Hearty, creamy, delicious tofu tikka masala that cooks in your slow cooker or Instant Pot for easy meal prep. Vegan and gluten-free.Course curry, dinnerCuisine dairy-free, gluten-free, grain-free, nut-free, refined sugar-free, vegan, vegetarianKeyword slow cooker tofu curry, tofu tikka masala, vegan tikka masalaPrep Time 15 minutesCook Time 3 hoursTotal Time 3 hours 15 minutesTotal Yield 4 servingsCalories Per Serving 383 kcalAuthor Yup, it’s Vegan
For the spice blend:
- 1 tbsp garam masala
- 2 tbsp paprika
- 1 tsp ground coriander
- 1/2 tsp ground black pepper
- 3/4 tsp salt
- 1/2 tsp cayenne pepper (reduce to 1/4 if sensitive to spice)
- 1/2 tsp ground turmeric
For the tofu tikka masala:
- 12 oz extra-firm tofu (1 normal package)
- 1 tbsp coconut oil
- 1 tsp cumin seeds
- 1 large yellow onion diced
- 4 cloves garlic minced
- 1 inch ginger peeled and minced
- 2 green chili peppers finely chopped
- 1 red bell pepper diced
- 3 tbsp nutritional yeast
- 6 tbsp tomato paste
- 2 cups cherry tomatoes quartered (or use 1 14-oz. can diced tomatoes, drained)

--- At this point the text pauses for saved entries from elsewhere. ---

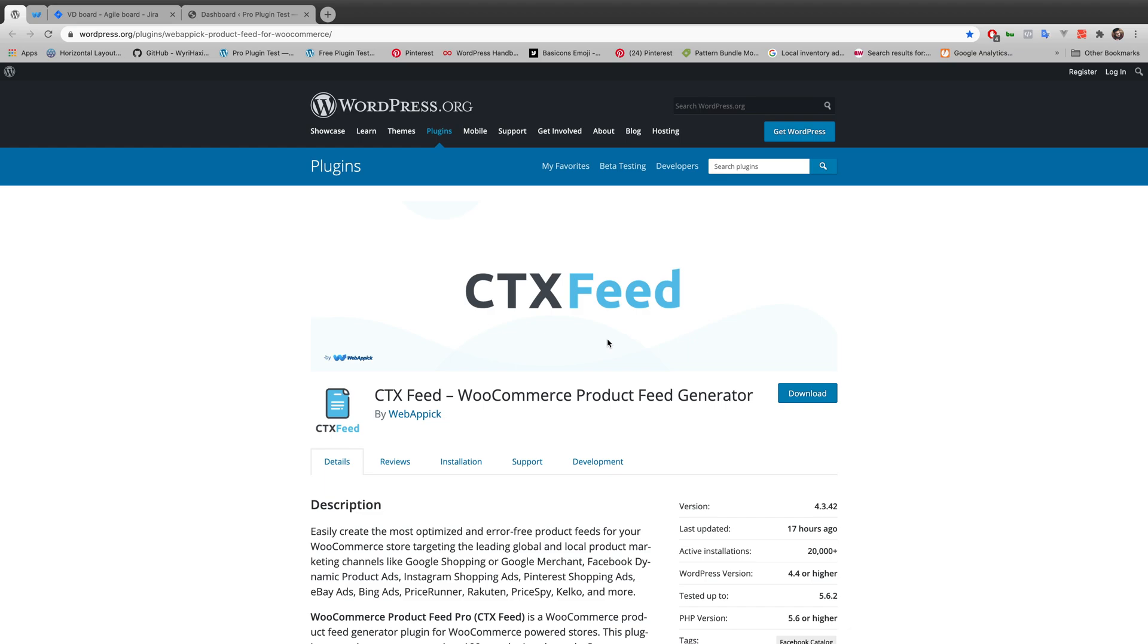Hello everyone, welcome to yet another video tutorial of Web Epic channel. In today's video, we'll be talking about how to add currency code or currency symbol to product price. We'll also be learning how to use prefix and suffix in feed configuration, and obviously we'll be using CTX Feed as usual. So without further ado, let's get along with the video.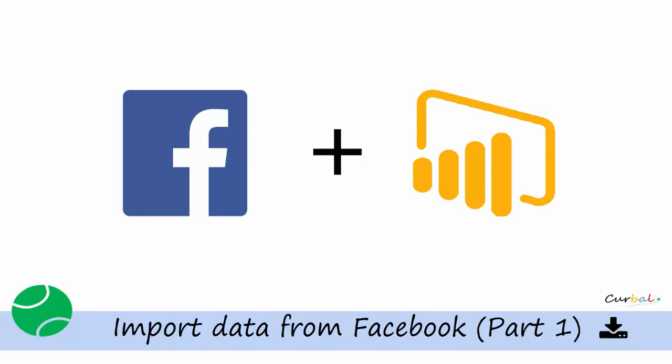Hello and good evening, this is Ruth Pozuelo from Curval.com and today I'm going to show you how to import data from Facebook.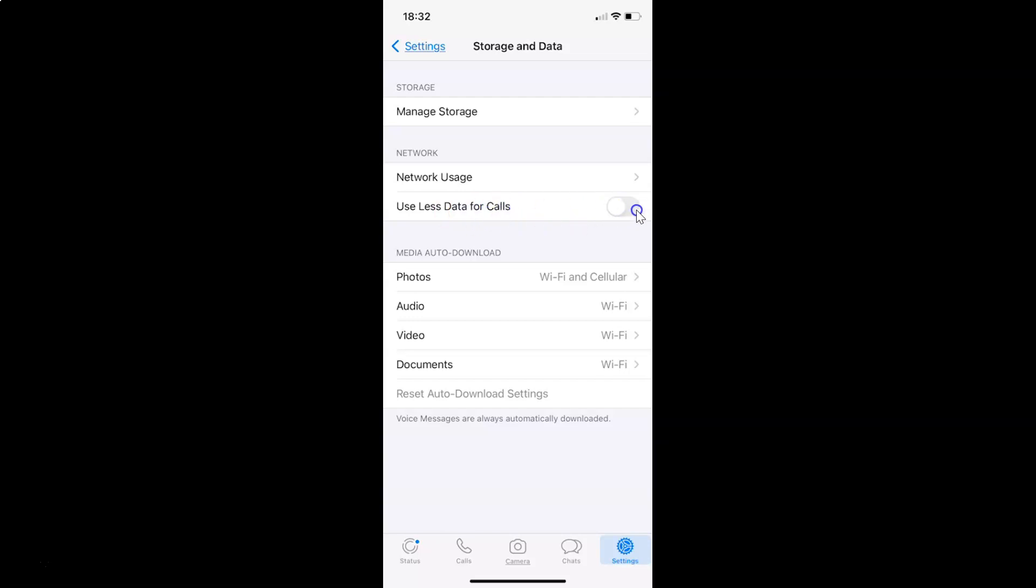Let me tap on this. You can see it's now enabled. So it's now done. After that, you can go back.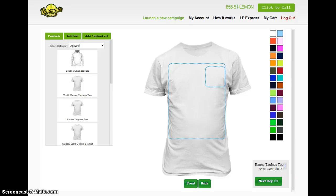This video demonstrates Lemonade Funds, a new website set up using our Personalize It app to enable you to personalize products online and then sell them.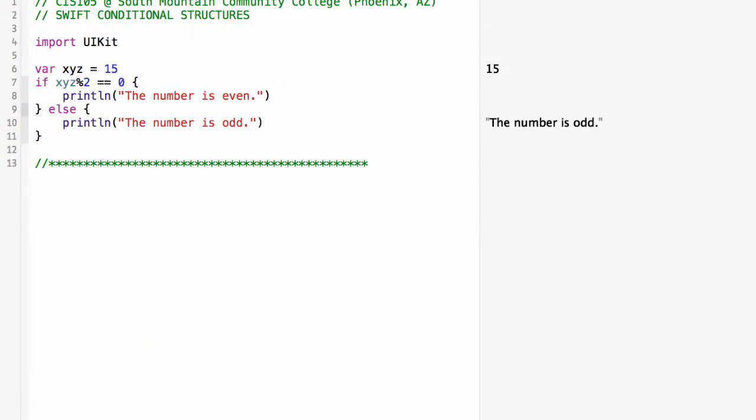In Swift we have conditional structures consisting of if and variations of if such as if-else, if-else-if, and switch structures. These are really not much different from what you'd find in other languages such as C# or Java.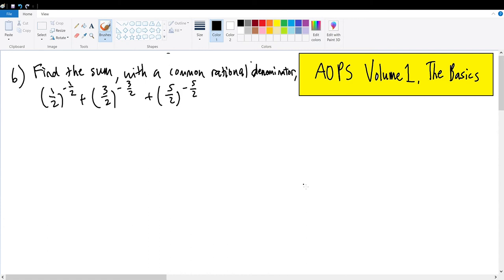AOPs Volume 1, The Basics, Number 6. Find the sum with a common rational denominator of one-half raised to the negative one-half power, plus three-halves raised to the negative three-halves power, plus five-halves raised to the negative five-halves power.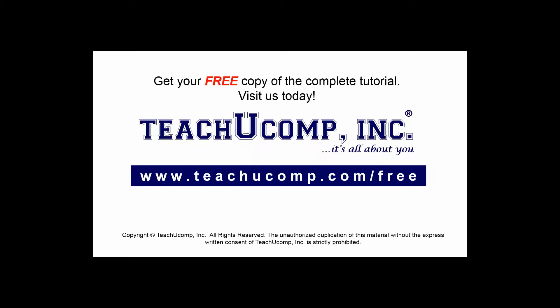Get your free copy of the complete tutorial at www.teachucomp.com/free.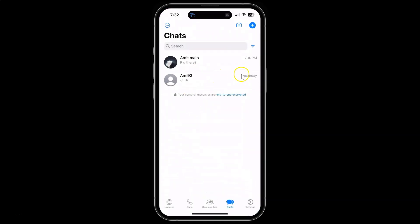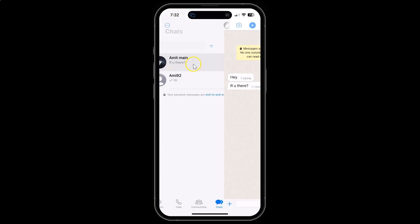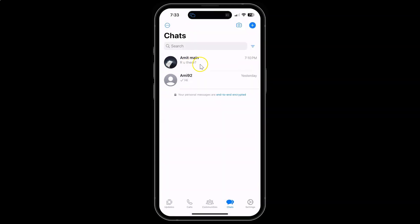You can see it's opened, and you can see I have read this chat but I want to mark this chat as unread. So just go to the chat that you want to mark as unread. After that, just swipe from left to right.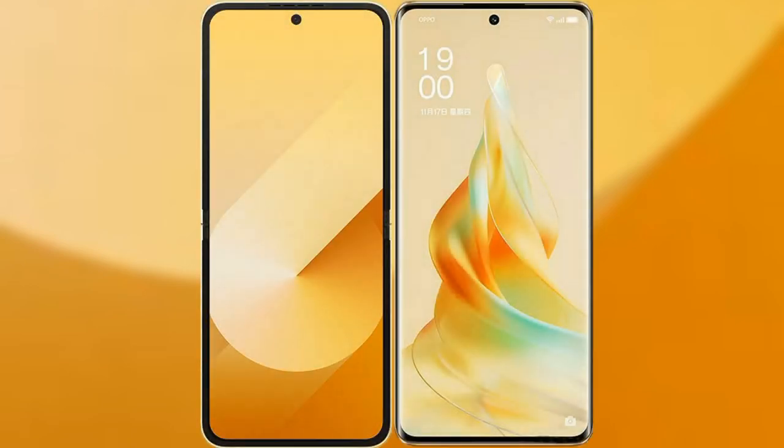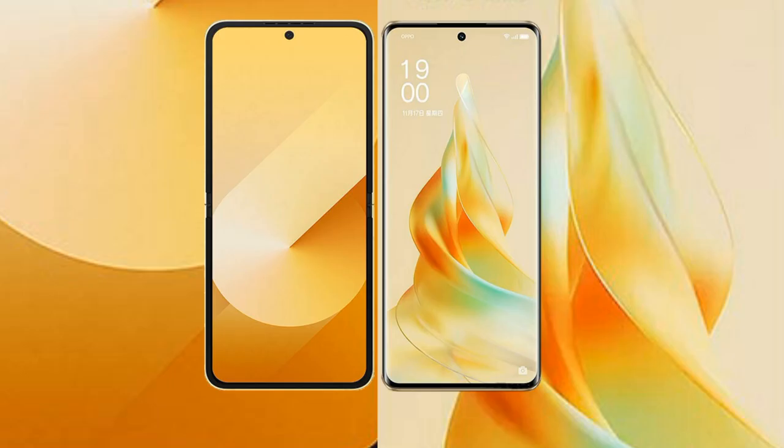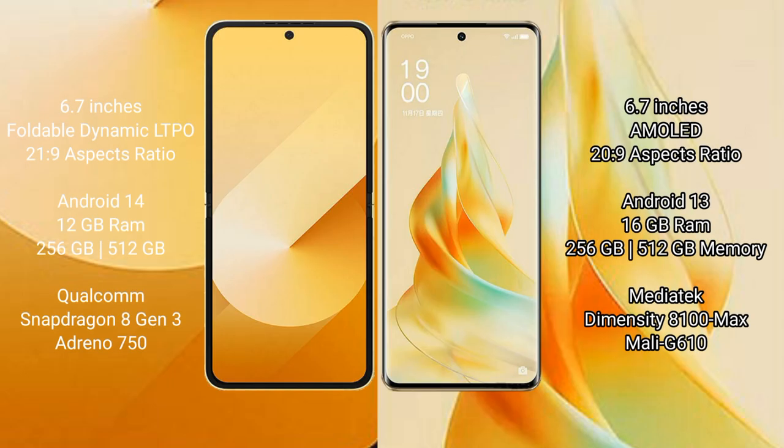We will compare the new Samsung Galaxy Z Flip 6 with Oppo Reno 9 Pro. Samsung Galaxy Z Flip 6 comes with a 6.7-inch Flex Dynamic LTPO AMOLED display with an aspect ratio of 21:9. Oppo Reno 9 Pro features a 6.7-inch AMOLED display with an aspect ratio of 20:9.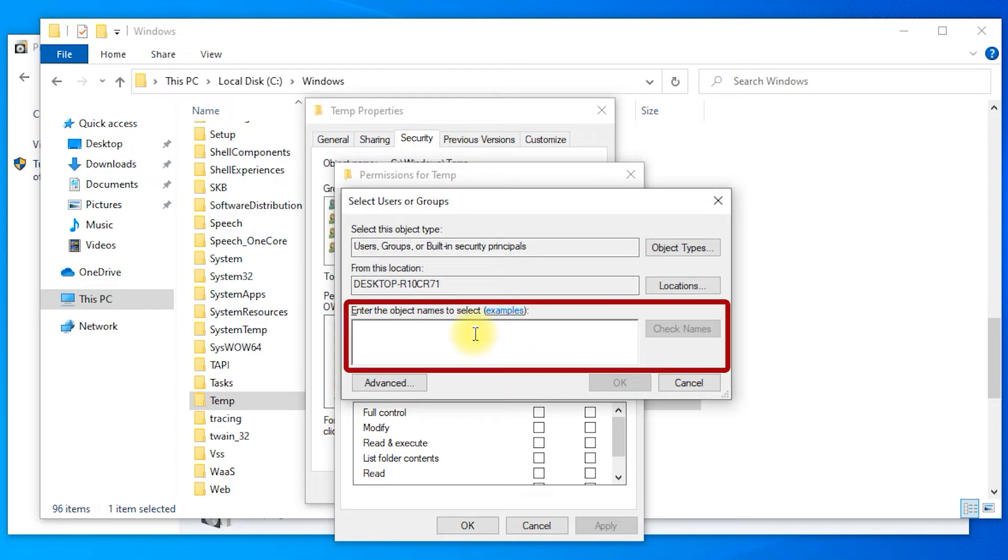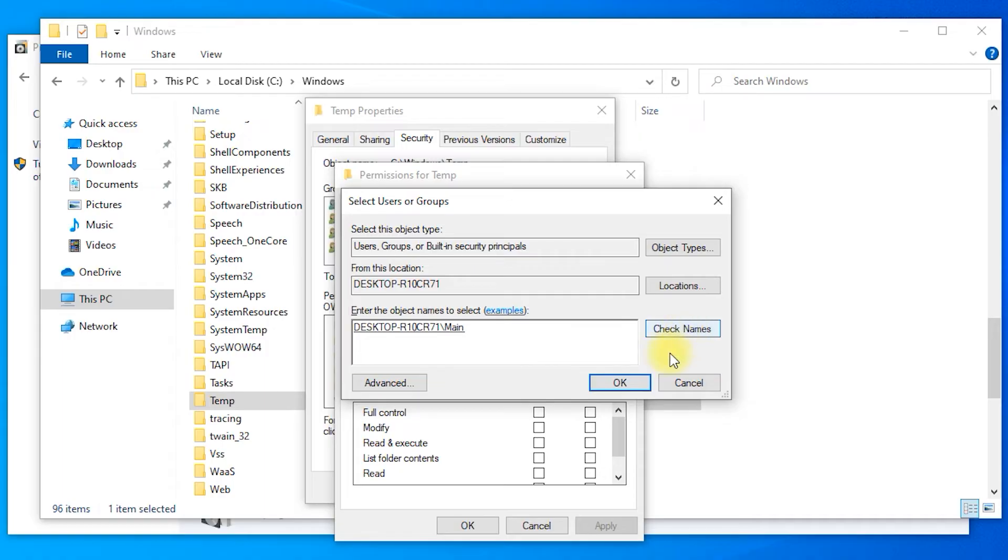Type in your user name and press Check Names. After you find your user name press OK.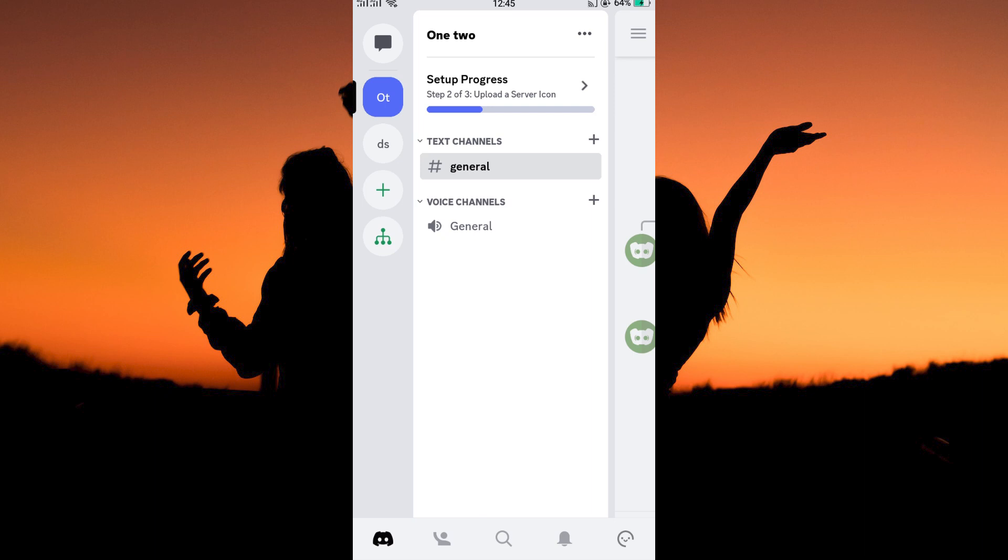At the bottom of the page, we have five icons. We have the Discord homepage icon. Next is the friends icon. After that is the search icon. The next one is the notifications icon and the last one is the profile icon.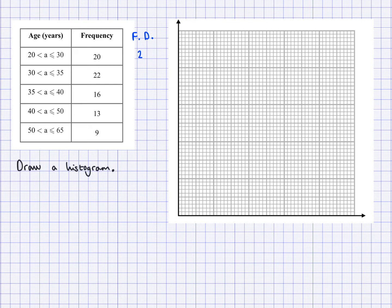So that's 20 divided by 10 is 2. 22 divided by 5 is 4.4. 16 divided by 5 is 3.2. 13 divided by 10 is 1.3. And 9 divided by 15 — this width is 15 — so 9 divided by 15 is going to give us 0.6.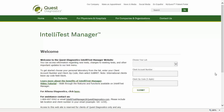Welcome to IntelliTest Manager, a flexible online portal that gives you access to new offerings, information, and test updates from Quest Diagnostics. This demonstration of IntelliTest Manager will provide you with an overview of the application.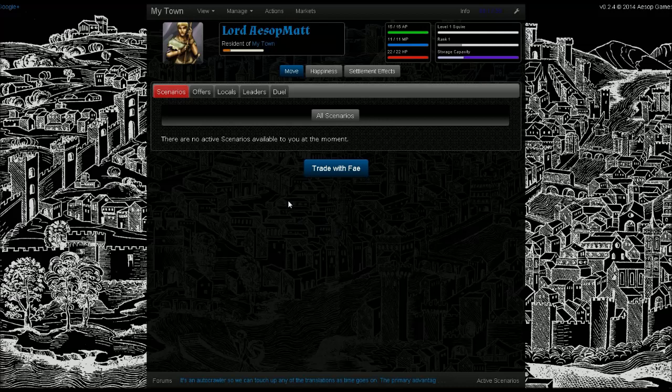Hello, and welcome to this quick walkthrough of settlement creation in Brunelleschi Age of Architects. Brunelleschi is free to play at brungame.com. In order to create a new settlement, you're going to need a lord character.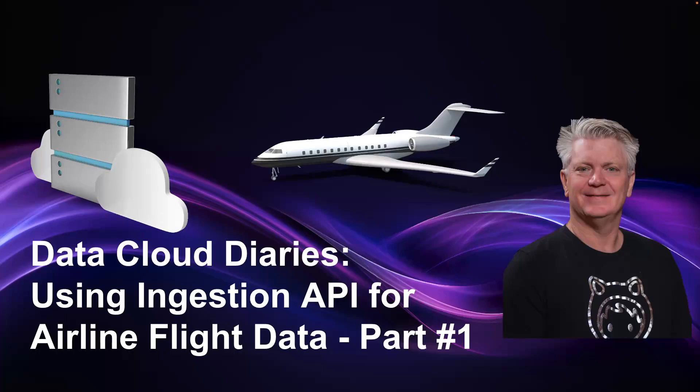The Data Cloud Diaries: using the ingestion API for airline flight data, part one.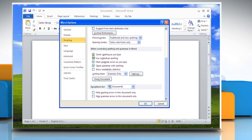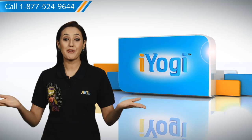By checking this field, you can turn on the automatic spell check as you type in Word 2010. Click OK.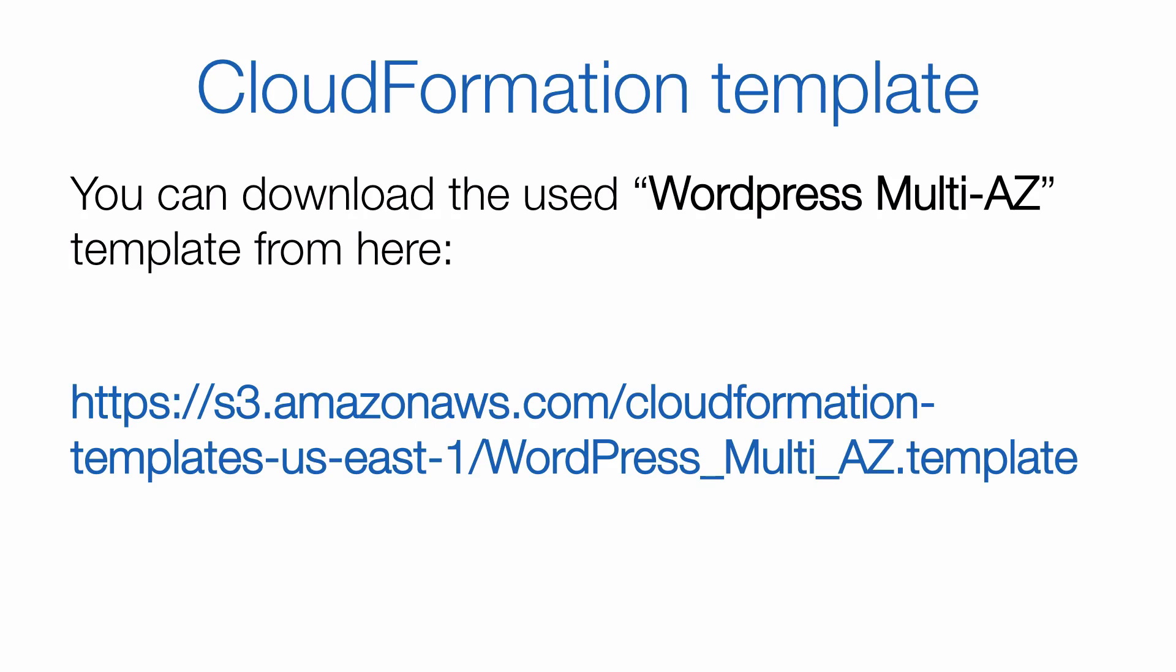In this course, we will use an example template that you can find at the following address, in order to deploy a fully functional WordPress cluster.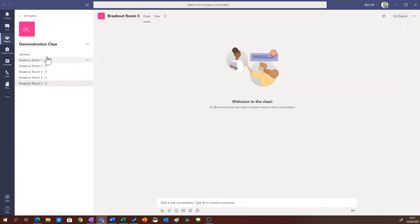So when a student logs into this class they'll only get the breakout room that they've been assigned.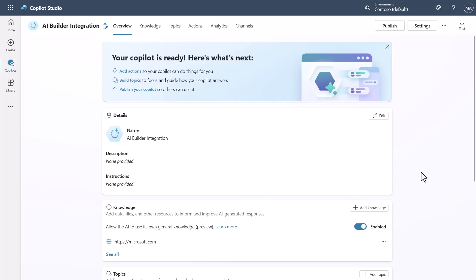You can see I've built a copilot that's completely blank. AI Builder is just another part of the Power Platform, just like Power Apps or Power Automate, and I want to make sure that's understood before we dive in.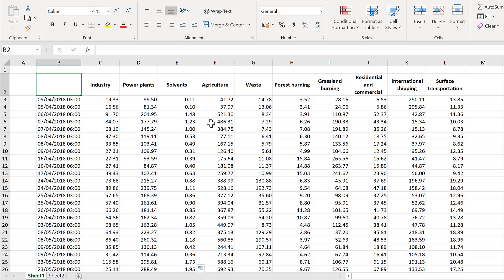I want to plot the correlations of all of these areas against each other.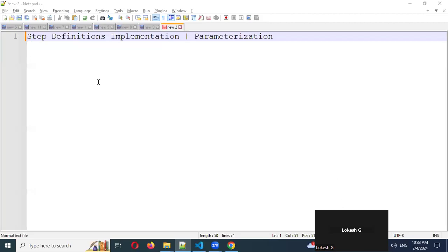Welcome back. Today we are going to discuss how to implement our step definitions and also how to do parameterization. These are the two concepts we are going to be discussing in today's session.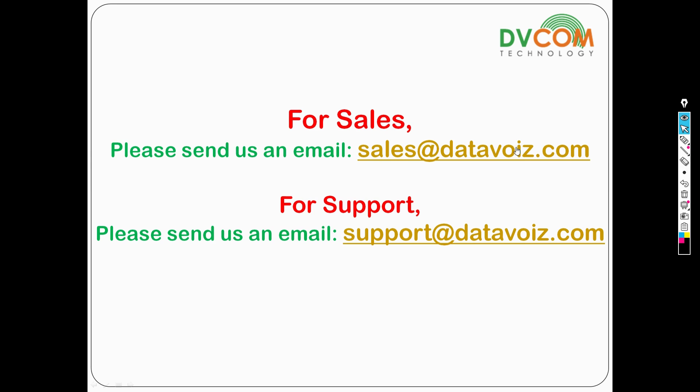For sales please send us an email sales@datawise.com. For support please send us an email support@datawise.com. I hope this has been informative, and I would like to thank you for viewing.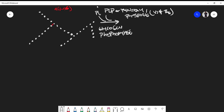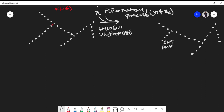Glycogen phosphorylase removes the alpha 1-4 linkages until we reach what is called limit dextrin. Glycogen phosphorylase releases all these alpha 1-4 linkages and leaves about four to five residues of glucose on the branch chain. Remember, we still have the alpha 1-6 linkage.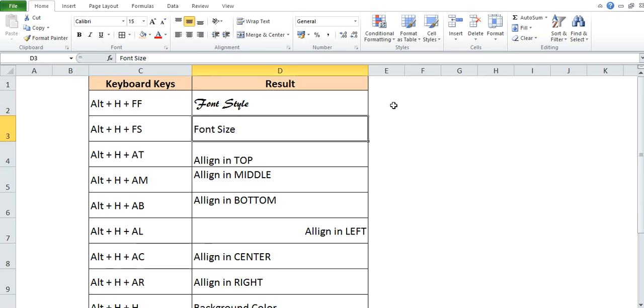Now, if you want to change the size of the font, you can use the shortcut key Alt+H+F+S. Here, give the size as per your wish and it will get changed. But remember guys, that Alt you have to just press once, means press it and leave it.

- 1 can full-fat coconut milk (1 and 3/4 cups)
- 2 tbsp white wine vinegar
- 1 tsp coconut sugar (optional but recommended)
- salt to taste
- freshly-squeezed lemon juice to taste, for serving
- chopped fresh cilantro (coriander) to taste, for serving
- Drain excess liquid from the tofu package. Wrap the tofu in several clean towels and place a heavy object on top of it. (Alternately, use a tofu press). Press the tofu for 10-15 minutes – to save time, I start this before I chop and prep other ingredients.
- Mix together all of the spices and set aside. Heat the coconut oil in a skillet over medium heat, and add the diced onion with a pinch of salt. Cook the onion, stirring occasionally, until translucent and starting to lightly brown, 4 to 6 minutes.
- Add the cumin seeds and cook for 60 seconds more. Add the garlic, ginger, and chili pepper, and cook for another 60 seconds. Stir in all of the spice mixture and cook, stirring constantly, just until fragrant, about 45 seconds.
- Add the bell pepper, nutritional yeast, and tomato paste, and cook for 2 more minutes, stirring frequently. Finally, add the tomatoes and stir well, scraping around the bottom of the pan. Cook for 3-4 minutes or until the tomatoes are starting to soften. Turn off the heat.
- Lightly spray or grease the bottom of your slow cooker. Cut the pressed tofu into small cubes and add it to the slow cooker. Use a spatula to add all of the mixture from the skillet. Add the coconut milk, white wine vinegar, and coconut sugar, and stir to combine.
- Cook on low for 4 to 6 hours, or on high for 2 to 3 hours. Alternately, cook under pressure in your Instant Pot for 15 to 20 minutes.
- After cooking, season to taste with additional salt, and fresh lemon juice. Serve with rice or accompaniments of choice, garnished with fresh cilantro.
CASHEW CREAM: I’m usually too lazy to do this extra step, but for a more authentic tikka masala flavor, this recipe is even better with cashew cream substituted for the coconut milk. For the cashew cream, use 3/4 cup raw cashews plus 1 and 3/4 cups water and 2 tsp lemon juice.
NO SLOW COOKER: Bring the mixture to a boil in a saucepan. Reduce to a gentle simmer, then cook covered for 25-30 minutes, stirring occasionally, or until tomatoes are broken down and tofu has absorbed the sauce flavor.
NUTRITIONAL YEAST: The nutritional yeast gives a slightly cheesy, funky undertone that makes this tikka masala taste more similar to one made with dairy. To omit it, add 1/2 tbsp of olive oil or vegetable oil, and brown the onions more deeply before continuing with the recipe. If you have soy sauce on hand, also add 1/2 tbsp to replace the umami.